> _SOURCE MATERIAL_:
^^^^

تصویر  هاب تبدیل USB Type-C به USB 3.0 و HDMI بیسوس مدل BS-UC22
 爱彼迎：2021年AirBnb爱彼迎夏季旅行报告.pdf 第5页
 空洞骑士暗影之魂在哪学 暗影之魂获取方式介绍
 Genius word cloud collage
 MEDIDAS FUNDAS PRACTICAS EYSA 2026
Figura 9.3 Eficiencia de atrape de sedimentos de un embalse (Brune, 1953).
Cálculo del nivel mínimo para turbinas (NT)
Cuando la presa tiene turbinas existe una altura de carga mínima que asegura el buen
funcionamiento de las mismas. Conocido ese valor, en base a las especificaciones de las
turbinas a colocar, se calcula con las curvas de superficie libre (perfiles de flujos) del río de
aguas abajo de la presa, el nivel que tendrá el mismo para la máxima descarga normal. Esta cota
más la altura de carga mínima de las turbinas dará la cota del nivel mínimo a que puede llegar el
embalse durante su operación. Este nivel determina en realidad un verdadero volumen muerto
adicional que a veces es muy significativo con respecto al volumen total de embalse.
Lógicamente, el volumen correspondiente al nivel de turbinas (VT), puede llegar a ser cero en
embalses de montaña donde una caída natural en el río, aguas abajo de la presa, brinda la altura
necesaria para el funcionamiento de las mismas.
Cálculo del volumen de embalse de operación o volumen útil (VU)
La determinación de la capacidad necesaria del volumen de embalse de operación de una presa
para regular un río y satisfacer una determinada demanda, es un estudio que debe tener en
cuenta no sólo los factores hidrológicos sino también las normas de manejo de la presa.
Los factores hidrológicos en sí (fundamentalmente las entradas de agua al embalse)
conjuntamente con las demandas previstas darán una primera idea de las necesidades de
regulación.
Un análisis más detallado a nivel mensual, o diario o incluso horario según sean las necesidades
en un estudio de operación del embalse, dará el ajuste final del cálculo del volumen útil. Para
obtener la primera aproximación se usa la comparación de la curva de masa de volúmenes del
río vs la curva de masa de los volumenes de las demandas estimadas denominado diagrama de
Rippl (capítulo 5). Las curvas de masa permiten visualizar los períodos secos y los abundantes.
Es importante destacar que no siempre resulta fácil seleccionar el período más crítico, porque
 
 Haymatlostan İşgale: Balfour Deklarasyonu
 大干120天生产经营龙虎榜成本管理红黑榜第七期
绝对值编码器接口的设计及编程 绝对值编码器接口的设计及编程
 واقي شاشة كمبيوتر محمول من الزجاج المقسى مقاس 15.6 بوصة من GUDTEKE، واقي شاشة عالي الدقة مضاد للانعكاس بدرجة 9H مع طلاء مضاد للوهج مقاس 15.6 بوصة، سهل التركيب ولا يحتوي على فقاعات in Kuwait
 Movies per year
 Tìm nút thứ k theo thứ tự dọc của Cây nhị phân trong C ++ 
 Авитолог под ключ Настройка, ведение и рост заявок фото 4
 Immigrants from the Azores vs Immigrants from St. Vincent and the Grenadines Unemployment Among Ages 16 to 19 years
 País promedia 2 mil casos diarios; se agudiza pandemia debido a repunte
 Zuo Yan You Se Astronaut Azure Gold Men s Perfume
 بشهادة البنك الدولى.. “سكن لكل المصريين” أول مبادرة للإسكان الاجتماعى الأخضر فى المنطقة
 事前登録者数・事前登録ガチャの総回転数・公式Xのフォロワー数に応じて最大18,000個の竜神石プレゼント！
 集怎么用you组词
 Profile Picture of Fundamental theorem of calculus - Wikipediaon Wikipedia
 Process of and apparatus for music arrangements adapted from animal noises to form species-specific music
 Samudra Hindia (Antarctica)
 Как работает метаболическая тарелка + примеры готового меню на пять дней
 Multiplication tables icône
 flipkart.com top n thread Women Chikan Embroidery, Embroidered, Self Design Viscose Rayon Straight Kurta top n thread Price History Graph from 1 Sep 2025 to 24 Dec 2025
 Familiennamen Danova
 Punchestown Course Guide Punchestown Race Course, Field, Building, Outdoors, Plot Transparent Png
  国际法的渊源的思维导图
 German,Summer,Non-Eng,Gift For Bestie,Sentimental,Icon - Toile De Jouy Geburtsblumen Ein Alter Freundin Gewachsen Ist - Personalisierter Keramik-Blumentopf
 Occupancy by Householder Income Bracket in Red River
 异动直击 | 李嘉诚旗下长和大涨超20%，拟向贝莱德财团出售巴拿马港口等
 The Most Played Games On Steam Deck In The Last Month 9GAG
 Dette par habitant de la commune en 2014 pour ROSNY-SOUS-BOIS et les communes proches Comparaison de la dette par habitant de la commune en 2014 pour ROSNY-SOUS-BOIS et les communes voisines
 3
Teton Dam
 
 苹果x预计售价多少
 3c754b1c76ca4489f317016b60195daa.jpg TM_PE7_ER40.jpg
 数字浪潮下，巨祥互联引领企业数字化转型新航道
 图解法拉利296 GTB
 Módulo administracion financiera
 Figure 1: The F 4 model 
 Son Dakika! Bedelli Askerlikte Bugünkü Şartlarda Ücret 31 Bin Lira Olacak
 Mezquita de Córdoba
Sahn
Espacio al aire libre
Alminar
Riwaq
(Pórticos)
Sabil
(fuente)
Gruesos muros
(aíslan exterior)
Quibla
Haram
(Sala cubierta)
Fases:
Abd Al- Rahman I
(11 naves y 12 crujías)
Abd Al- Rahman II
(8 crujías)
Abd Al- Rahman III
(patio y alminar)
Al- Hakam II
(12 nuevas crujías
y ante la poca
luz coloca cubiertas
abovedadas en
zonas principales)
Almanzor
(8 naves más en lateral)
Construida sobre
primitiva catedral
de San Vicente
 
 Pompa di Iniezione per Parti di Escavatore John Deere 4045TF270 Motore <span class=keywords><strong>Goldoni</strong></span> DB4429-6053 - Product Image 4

^^^^

Your task is to write out the lines from the one with "(8 naves más en lateral)" through the end of the records, exactly and with nothing added.

> _EXPECTED OUTPUT_:
(8 naves más en lateral)
Construida sobre
primitiva catedral
de San Vicente
 
 Pompa di Iniezione per Parti di Escavatore John Deere 4045TF270 Motore <span class=keywords><strong>Goldoni</strong></span> DB4429-6053 - Product Image 4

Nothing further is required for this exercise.